1959 bis 1962 wurde durch die Architekten Hans Volkart, Kurt Pläcking und Bertam Perlia ein neues Kleines Haus errichtet. 1983 wurde im Gebäude der Neuen Staatsgalerie des britischen Architekten James Stirling das Kammertheater eröffnet. Bis 1984 wurde das Große Haus umfassend renoviert; die Gestaltung des Zuschauerraums, die durch einen Umbau in den 1950er Jahren fast ganz zerstört worden war, wurde dabei nach Originalplänen wieder dem Zustand von 1912 angenähert. 2001 wurden die Theater in Opernhaus und Schauspielhaus umbenannt. 2010 wurde die Studiobühne Nord im neu erbauten Probenzentrum der Staatstheaters eröffnet.

Brand des Alten Hoftheaters 1902 und Interimstheater

Altes Hoftheater um 1890

In der Nacht vom 19. auf den 20. Januar 1902 brannte das alte königliche Hoftheater nieder. Im Kern ging dieses Gebäude noch auf das Neue Lusthaus aus dem Jahr 1593 zurück. Bereits im Oktober 1902 konnte das Königliche Interimstheater als vorübergehende Spielstätte eröffnet werden, erbaut von Ludwig Eisenlohr senior. Das Interimstheater diente für die Zeit bis zur Eröffnung der neuen Theatergebäude 1912 als Spielstätte. Heute befindet sich an diesem Standort der Landtag von Baden-Württemberg. Darüber hinaus fanden in dieser Zeit Aufführungen im Wilhelma-Theater sowie zahlreiche Gastspiele, u.a. im Konzerthaus Ravensburg sowie in weiteren Städten des Deutschen Reichs statt.

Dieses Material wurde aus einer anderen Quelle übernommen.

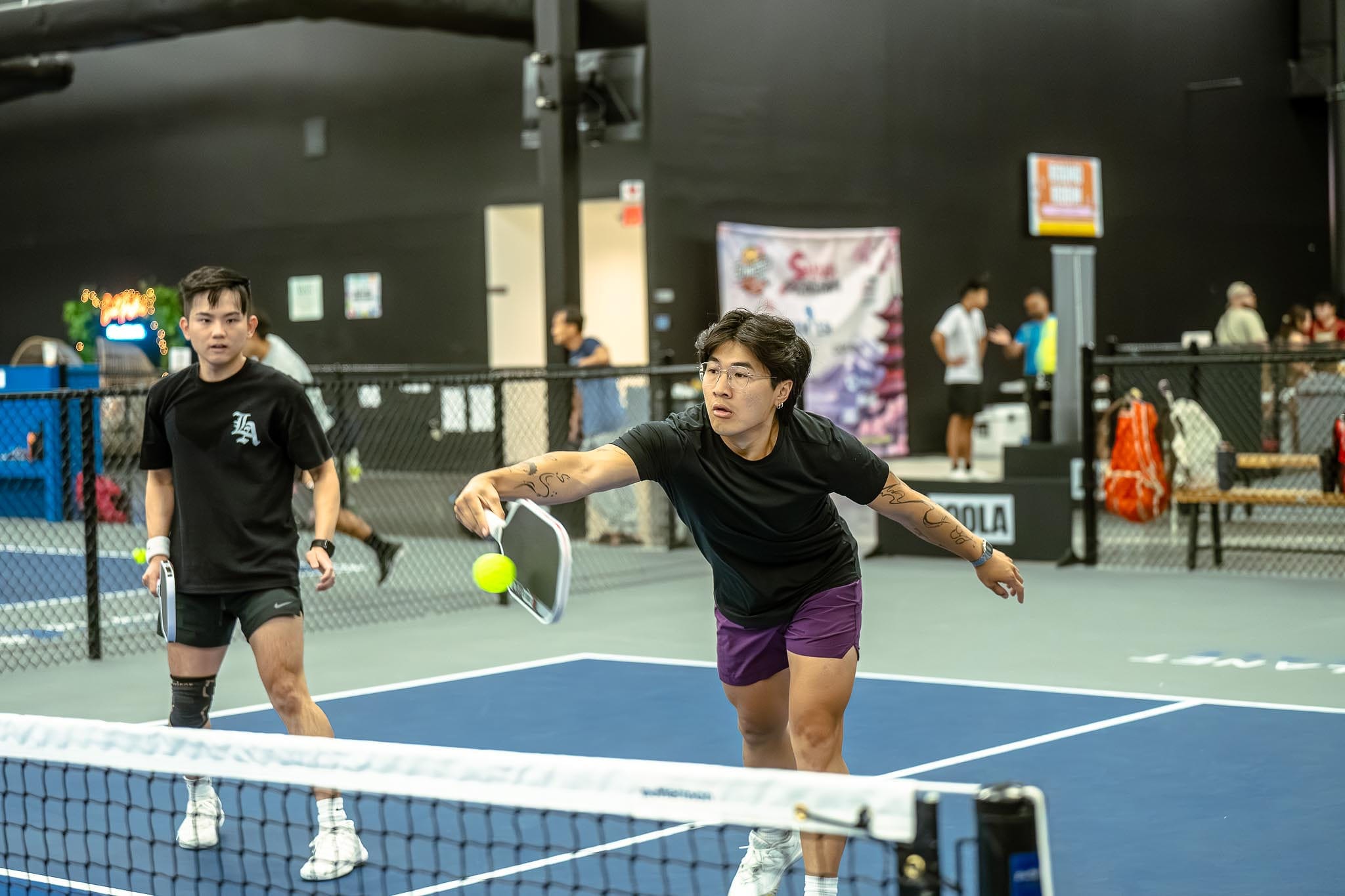 Two people play pickleball indoors; one lunges forward with a paddle to hit the ball while the other stands behind, observing the action—illustrating how Pickle Coaching can benefit players of all levels.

Neubau der Königlichen Hoftheater

Wettbewerb

Nach ausführlichen Beratungsgesprächen im Frühjahr 1908 wurde beschlossen, dass an eine begrenzte Zahl von erfahrenen Theaterbauarchitekten eine Ausschreibung zum Wettbewerb stattfinden sollte. Die Arbeit des anerkannten Architekten Max Littmann wurde von dem Preisgericht von 23 eingereichten Entwürfen auf den ersten Platz gewählt. In der darauffolgenden Umsetzung konnte allerdings nicht das genaue Wettbewerbsobjekt realisiert werden, da der Architekt sich mit weiteren Bearbeitungen befassen musste. Der generelle Grundrissgedanke und die Grundidee des Aufbaus blieben jedoch erhalten.[Wolf 1]

Standortsuche

Nun wurde klar, dass der Platz neben dem Alten Schloss in Stuttgart für den geplanten Theaterkomplex mit zwei Häusern nicht genügte. Die alte Planmappe aus dem Archiv des Hauses Württemberg in Altshausen zeugt mit großformatigen Lageplänen und dem aus Pappe geschnittenen Grundriss des geplanten Theaters davon, dass man sich bei der Suche nach einem geeigneten Standort intensiv mit der Thematik auseinandersetzte.[Finanz 2] Als Standort wurde schließlich der Schlossgarten mit See gewählt. Dieser bot für das geplante Zwei-Häuser-System eine Gelegenheit der bewegten Gliederung um den See herum und steigerte die Verwendbarkeit der Anlage.[Wolf 1]

Bauausführung

„Mit den neuen Hoftheatern in Stuttgart wurden zum ersten Male zwei Theater gleichzeitig im engem, organischem Zusammenhang nach künstlerischen Grundsätzen errichtet und damit ein neuer Typus geschaffen.“

Max Littmann[Wolf 2]

„Der Theaterbau in Stuttgart ist der größte von Littmann, er kann sogar als sein Hauptwerk bezeichnet werden.“[Wolf 3]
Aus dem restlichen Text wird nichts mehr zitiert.